Por Bernardo Ariston
A PEC da Blindagem é um dos maiores retrocessos institucionais do Brasil nas últimas décadas. Vendida como garantia de prerrogativas e pacificação política, na prática ela é um escudo para proteger parlamentares de processos criminais e investigações, blindando os mesmos políticos que deveriam estar sujeitos às leis como qualquer cidadão. Sob o pretexto de evitar perseguições judiciais, a proposta restabelece a exigência de autorização prévia do Congresso para que deputados e senadores sejam processados, impõe voto secreto nessas deliberações e amplia o foro privilegiado até mesmo para dirigentes partidários. Trata-se de um pacote que devolve à elite política um salvo-conduto abolido em 2001 exatamente porque produzia impunidade.

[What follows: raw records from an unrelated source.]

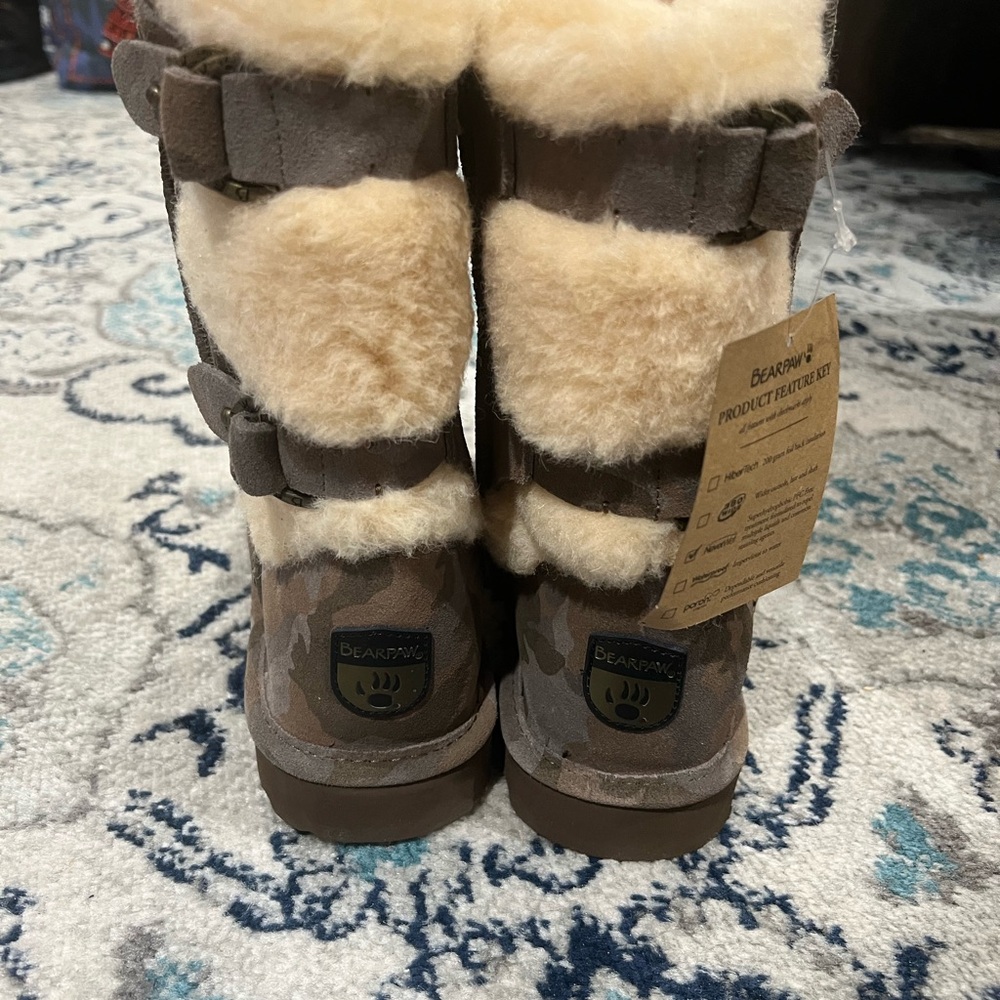BearPaw Eloise Camouflage Boots, Women’s size 11 - Picture 2 of 6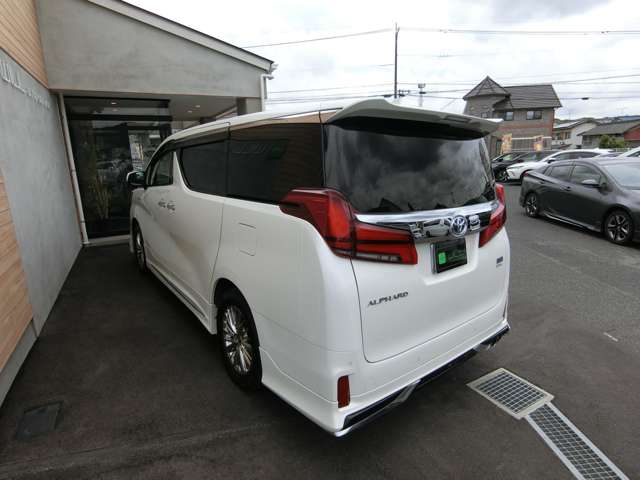 トヨタ アルファード　ハイブリッド ハイブリッド ２．５ ＳＲ Ｃパッケージ Ｅ－ＦＯＵＲ ４ＷＤ R2年 (中国) 99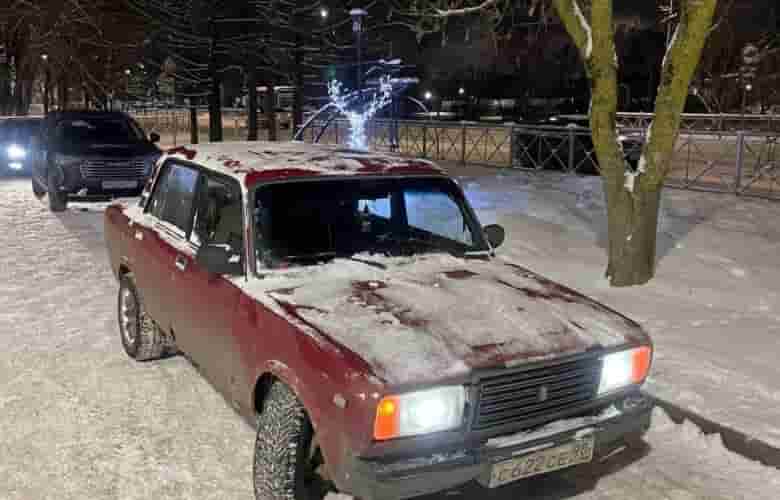 Всем добрый день. В продаже ВАЗ-2107 — стритуха Из +: Живой мотор, без нареканий,…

A narrativa de “pacificação” é, no mínimo, um insulto à inteligência do eleitor. Não há pacificação quando se limita o alcance da Justiça. Não há pacificação quando se instala um sistema no qual colegas de mandato decidem, secretamente, se outro parlamentar pode ou não responder a processo penal. Essa retórica serve apenas para disfarçar um ato de autoproteção, uma blindagem corporativa, um passo atrás na construção de uma democracia mais transparente. A história recente já mostrou que essa fórmula gera escândalos e descrença nas instituições; revivê-la é perpetuar os mesmos vícios.
Os números da votação escancaram a dimensão do problema, pois mais de trezentos deputados votaram a favor da PEC nos dois turnos, formando uma maioria disposta a colocar seus privilégios acima do interesse público. O eleitor deve guardar esses nomes. Cada voto a favor foi um voto pela impunidade, pela opacidade e contra a igualdade de todos perante a lei. Parlamentares que defendem a ideia de que só podem ser processados com autorização política traem a essência republicana e afrontam o Estado de Direito. A reação popular, com repúdio nas redes sociais, pedidos de desculpas e arrependimentos públicos, mostra que a sociedade não se deixou enganar pelo discurso oficial.
As consequências desse retrocesso são graves. A exigência de aval político para investigações enfraquece órgãos de controle, desestimula o combate à corrupção e aumenta a sensação de que “os de cima” nunca pagam pelos seus crimes e, ao mesmo tempo, corrói a confiança no Parlamento, alimenta a descrença e abre espaço para populismos autoritários. A democracia perde quando o Legislativo usa seu poder para proteger seus próprios membros em vez de fortalecer as instituições de fiscalização.
As manifestações de rua que tomaram diversas capitais e cidades brasileiras no dia de hoje mostram que a chamada “pacificação” não passa de retórica. Milhares de pessoas se mobilizaram espontaneamente contra a PEC da Blindagem, denunciando nas ruas o retrocesso institucional que ela representa. Essa energia popular revela que a sociedade não aceita de braços cruzados a tentativa de blindagem dos políticos, nem a narrativa de mudança de “regime” ou de “sistema” que uma parcela da classe política insiste em difundir para tumultuar o debate público. Mesmo sob forte pressão externa, o Brasil segue dando exemplo de resistência na defesa do Estado Democrático de Direito, demonstrando que a cidadania vigilante continua sendo a maior barreira contra os retrocessos institucionais.
É preciso dizer com todas as letras que a PEC da Blindagem não tem nada de benigna. Ela representa um ataque frontal à transparência e um incentivo à impunidade. A “pacificação” alardeada é uma narrativa vazia, construída para justificar um projeto de autopreservação. O Parlamento brasileiro, ao aprová-la, deu as costas à sociedade e mostrou que prefere privilégios ao compromisso ético com o país. Cabe agora ao eleitor reagir. Ano que vem, nas urnas, está a oportunidade de punir politicamente cada um dos que votaram a favor desse retrocesso. Muitos dos que hoje ocupam mandatos não merecem reeleição alguma. É hora de lembrar que o poder não é eterno e que a cidadania vigilante pode e deve impor limites a quem trai o interesse público.